The National Labor Relations Board has published a Notice of Proposed Rulemaking (NPRM) that would reverse its ruling that gave graduate and undergraduate student workers at private colleges and universities the ability to unionize.
The proposed rule, published in the September 23 Federal Register, marks a significant shift for the board, which has historically adjudicated student unionization attempts one case at a time. The case-by-case process had resulted in a frequently shifting precedent, and the board stated that it hopes this new permanent rule will help provide some stability to both students and institutions.
The proposed rule is predicated on the assertion that the relationship between compensated student workers and their institutions is primarily educational, not economic. Thus, student workers cannot be “employees” within the meaning of section 2(3) of the National Labor Relations Act (NLRA) and cannot unionize. The NPRM cites adjudications dating back to a 1970 decision in which the board held that graduate student assistants should be excluded from a faculty bargaining unit on the basis that they are primarily students.

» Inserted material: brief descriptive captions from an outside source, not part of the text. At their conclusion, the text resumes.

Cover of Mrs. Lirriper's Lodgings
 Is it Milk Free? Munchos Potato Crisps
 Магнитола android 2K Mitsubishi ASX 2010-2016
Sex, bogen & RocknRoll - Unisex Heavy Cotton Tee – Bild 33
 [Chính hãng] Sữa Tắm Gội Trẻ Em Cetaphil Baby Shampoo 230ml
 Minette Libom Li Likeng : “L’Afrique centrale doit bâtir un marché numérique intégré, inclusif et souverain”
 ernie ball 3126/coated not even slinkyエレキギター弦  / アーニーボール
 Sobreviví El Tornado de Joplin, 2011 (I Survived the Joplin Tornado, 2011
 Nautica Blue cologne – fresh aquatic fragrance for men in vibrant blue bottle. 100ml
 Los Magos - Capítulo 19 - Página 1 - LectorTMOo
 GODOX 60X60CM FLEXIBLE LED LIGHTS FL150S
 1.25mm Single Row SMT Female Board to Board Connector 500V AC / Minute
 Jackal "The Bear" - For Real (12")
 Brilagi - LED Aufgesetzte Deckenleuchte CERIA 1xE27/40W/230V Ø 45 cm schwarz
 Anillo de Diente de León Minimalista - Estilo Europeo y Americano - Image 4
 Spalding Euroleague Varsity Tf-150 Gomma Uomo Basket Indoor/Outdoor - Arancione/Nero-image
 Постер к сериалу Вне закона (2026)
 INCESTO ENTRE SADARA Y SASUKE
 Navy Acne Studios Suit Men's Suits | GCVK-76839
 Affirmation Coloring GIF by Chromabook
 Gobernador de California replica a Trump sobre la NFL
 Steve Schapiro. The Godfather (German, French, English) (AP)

The proposed rule has support from three of the board’s four members. The dissenting member, whose term expires in December 2019, calls the basis for the rule a “made-up distinction” and asserts that the NLRA should recognize a common-law employment relationship between student workers and their institutions, as the board did in its 2016 decision.
Presently, there are five private institutions with graduate student unions and another four negotiating initial contracts. The board is accepting public comments until November 22.